Even though the nuances of healthcare can be difficult to quantify and measure, more employers are tackling the issue head-on in an effort to contain their costs.
One of the biggest actionable steps that can be taken in the direction of containing rising healthcare costs is implementing a self-funded insurance plan. Whether it’s a growing business looking to switch from a fully-funded plan or a large employer looking to offer employees healthcare for the first time, it’s useful to know the signs that self-funded insurance might be a good fit.
To ensure we’re all on the same page, let’s quickly review the difference between fully-insured and self-funded insurance:
The most fundamental difference between fully- and self-funded insurance plans comes down to one question: “who is going to assume the risk?” In this case, risk pertains to insurance risk, or who is going to pay the hospital when an employee needs to go to the doctor?
Fully-funded plans work because they shield smaller businesses from large and unexpected healthcare costs by placing the risk assumption on the insurance carrier. But, the traditional wisdom says that as a company grows, the increase in that fully-funded premium eventually becomes less efficient than the employer paying for the claims on their own.

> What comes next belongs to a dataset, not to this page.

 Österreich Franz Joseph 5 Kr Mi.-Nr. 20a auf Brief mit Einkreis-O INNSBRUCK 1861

However, knowing when to switch is different for every single company because while self-funded insurance programs come with tax exemptions on the federal level, they also incur other costs. Employers will need to factor in the amount of stop-loss coverage they will need to purchase for their member population when they switch to self-funded insurance. The types and coverage amount of stop-loss insurance can change with the needs of the employers, but that of course will be reflected in the monthly premium that ends up needing paid.

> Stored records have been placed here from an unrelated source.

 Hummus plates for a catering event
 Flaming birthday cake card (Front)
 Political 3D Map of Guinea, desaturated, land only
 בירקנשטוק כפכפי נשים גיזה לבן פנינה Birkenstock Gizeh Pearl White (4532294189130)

The addition of stop-loss insurance premiums into the equation really give employers the information they need to understand when switching to self-funded insurance would be an overall benefit. The two numbers to compare are the fully-insured premium and the combination of the premiums from the self-funded insurance plan added into the necessary stop-loss insurance. As a company grows, there will come a time when the bulk premium of a fully-funded insurance plan will outgrow the potential savings of switching to a self-funded setup. Generally, that number is around 200 member lives, but that number is fluid between different companies and different situations.
Another great reason for employers to switch to self-funded insurance plans lies in the data reporting side of healthcare. In fully-funded programs, insurance carriers are handling all of the member claim data, so it can be difficult for employers to understand what’s going on with their members in a timely fashion. That isn’t as much of an issue when employers make the switch. Self-funding insurance plans and a health intelligence tool like Springbuk can access and analyze healthcare data on a much quicker timeline, giving employers the ability to react to healthcare data in weeks instead of years.

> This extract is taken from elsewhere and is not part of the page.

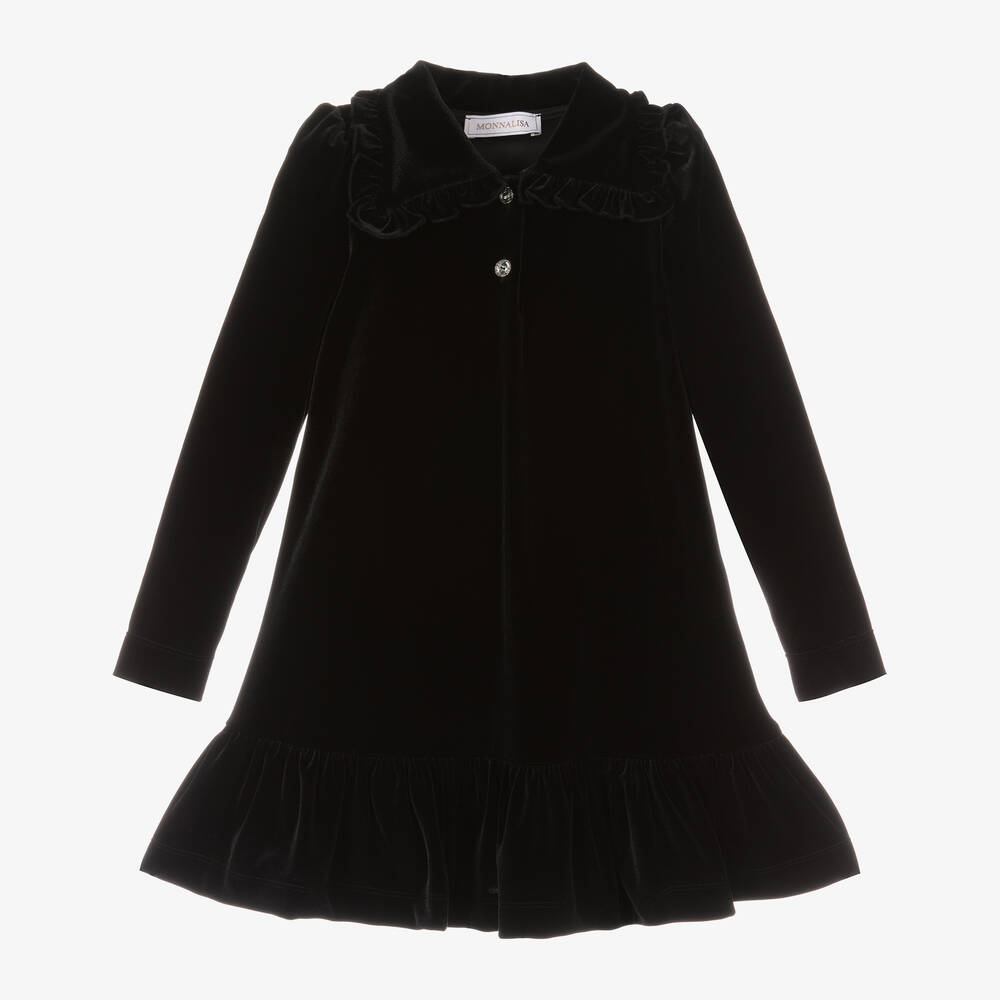 Monnalisa - Черное велюровое платье со стразами | Childrensalon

Self-funded insurance plans also offer employers the ability to customize their plan designs to fit the needs of their member population. In order to be cost efficient to the most amount of small businesses, fully-insured plans come customized without much flexibility, but once employers take on the risk to fund their own healthcare claims, they can pick design their coverage around the things most important to their members.
So step back and take a look at the bigger healthcare picture before deciding between when to switch between fully-insured and self-funded healthcare programs. There is nuance in the decision, but keeping the needs and best interests of your members in mind is always a good place to start.